I did some simulations to estimate mean absolute percentage error (MAPE). I took sizes of pieces on one of my nodes to have an proper empirical distribution of piece sizes, then simulated 1000 nodes of each size storing these pieces. Numbers show quantiles of MAPE for different min_pieces_to_collect
values:
For simulated nodes of 500 GB:
min_pieces_to_collect \ quantile |
90% | 99% | 99.5% |
---|---|---|---|
10,000 | 4.44% | 6.73% | 7.25% |
100,000 | 1.36% | 2.06% | 2.27% |
1,000,000 | 0.35% | 0.55% | 0.62% |
10,000,000 | 0 | 0 | 0 |
(note: there was less than 10M pieces, so all pieces were visited in the last row)
For simulated nodes of 1 TB:
min_pieces_to_collect \ quantile |
90% | 99% | 99.5% |
---|---|---|---|
10,000 | 4.63% | 6.98% | 7.33% |
100,000 | 1.39% | 2.20% | 2.32% |
1,000,000 | 0.41% | 0.63% | 0.67% |
10,000,000 | 0 | 0 | 0 |
(note: there was less than 10M pieces, so all pieces were visited in the last row)
For simulated nodes of 2 TB:
min_pieces_to_collect \ quantile |
90% | 99% | 99.5% |
---|---|---|---|
10,000 | 4.46% | 7.09% | 7.45% |
100,000 | 1.43% | 2.48% | 2.66% |
1,000,000 | 0.42% | 0.67% | 0.77% |
10,000,000 | 0.03% | 0.05% | 0.05% |
For simulated nodes of 5 TB:
min_pieces_to_collect \ quantile |
90% | 99% | 99.5% |
---|---|---|---|
10,000 | 2.84% | 4.46% | 4.74% |
100,000 | 1.41% | 2.20% | 2.41% |
1,000,000 | 0.45% | 0.72% | 0.81% |
10,000,000 | 0.11% | 0.17% | 0.18% |
For simulated nodes of 10 TB:
min_pieces_to_collect \ quantile |
90% | 99% | 99.5% |
---|---|---|---|
10,000 | 2.03% | 3.04% | 3.38% |
100,000 | 1.34% | 2.24% | 2.34% |
1,000,000 | 0.44% | 0.70% | 0.75% |
10,000,000 | 0.13% | 0.20% | 0.22% |
For simulated nodes of 20 TB:
min_pieces_to_collect \ quantile |
90% | 99% | 99.5% |
---|---|---|---|
10,000 | 1.40% | 2.21% | 2.43% |
100,000 | 1.40% | 2.21% | 2.43% |
1,000,000 | 0.45% | 0.69% | 0.74% |
10,000,000 | 0.14% | 0.20% | 0.22% |
(note: a single subdirectory contains more than 100k pieces, so the numbers for 10k and 100k min_pieces_to_collect
will be the same)
For simulated nodes of 50 TB:
min_pieces_to_collect \ quantile | 90% | 99% | 99.5% |
---|---|---|---|
10,000 | 0.88% | 1.36% | 1.42% |
100,000 | 0.88% | 1.36% | 1.42% |
1,000,000 | 0.45% | 0.70% | 0.76% |
10,000,000 | 0.14% | 0.22% | 0.24% |
(note: a single subdirectory contains more than 100k pieces, so the numbers for 10k and 100k min_pieces_to_collect
will be the same)
For simulated nodes of 100 TB:
min_pieces_to_collect \ quantile | 90% | 99% | 99.5% |
---|---|---|---|
10,000 | 0.64% | 0.95% | 1.08% |
100,000 | 0.64% | 0.95% | 1.08% |
1,000,000 | 0.45% | 0.69% | 0.76% |
10,000,000 | 0.14% | 0.21% | 0.24% |
(note: a single subdirectory contains more than 100k pieces, so the numbers for 10k and 100k min_pieces_to_collect
will be the same)
I opted to evaluate an approach that would be the simplest to implement right now.

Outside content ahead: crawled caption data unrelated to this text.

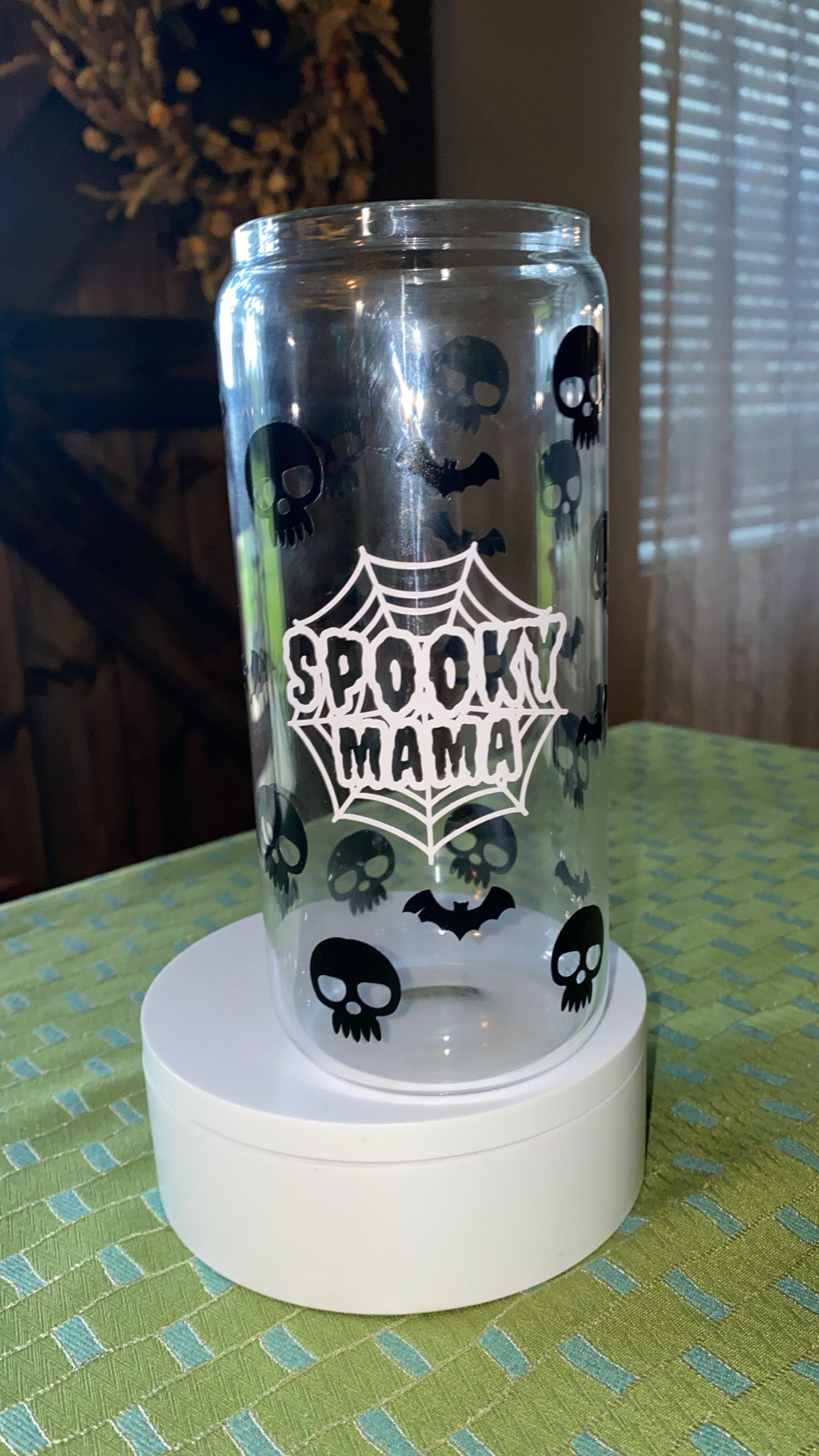 Spooky Mama Glass Cup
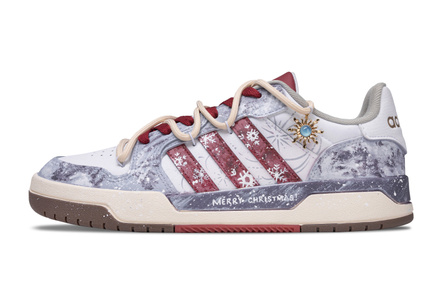 Custom adidas neo Entrap Low-Top Sneakers Unisex White Red Blue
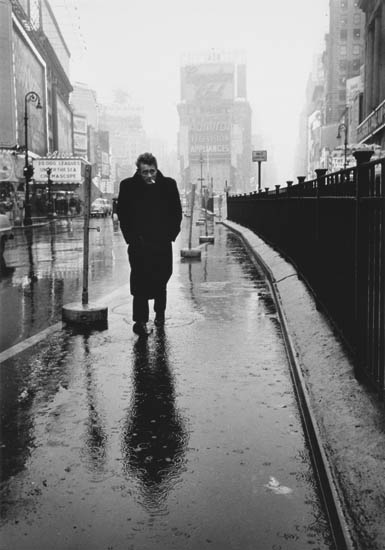 Appraisal: STOCK DENNIS - James Dean in Times Square Silver print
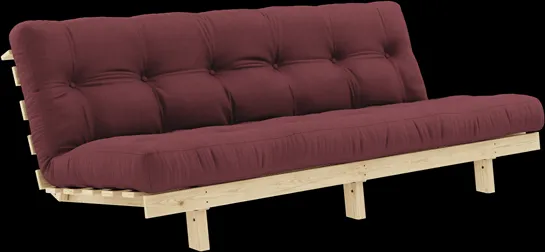 Karup Design Lean Sofa Rozkładana z Materacem Alpha 130x200 Bordeaux/Raw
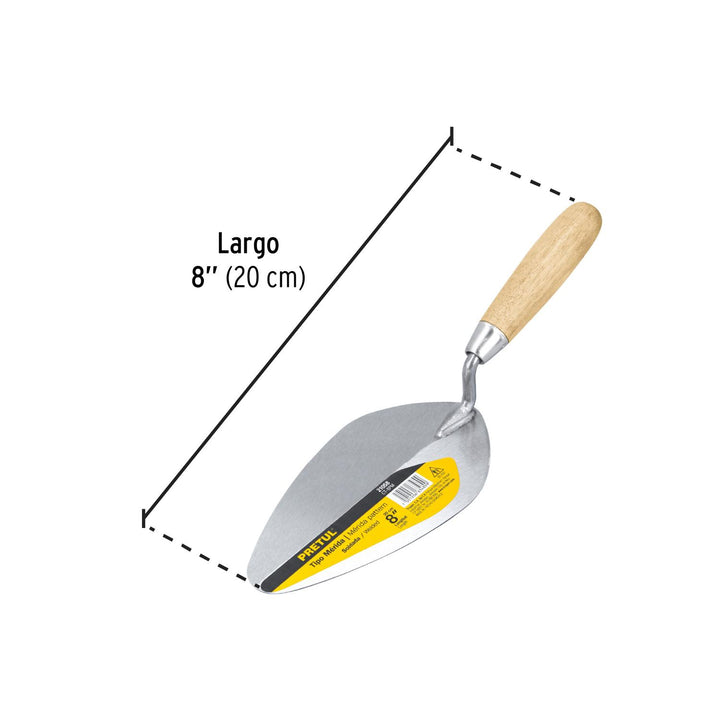 Cuchara para albañil, 8', tipo Mérida, Pretul Pretul - Mundo Tool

Some potential refinements are:
- Pick at least N directories, for N > 10. This would help with potential single-directory losses. But would require scanning too much data for large nodes.
- Scan only a specific fraction of a directory. This would compensate point 1. and still reduce the workload for very large nodes, but would make estimates more complex.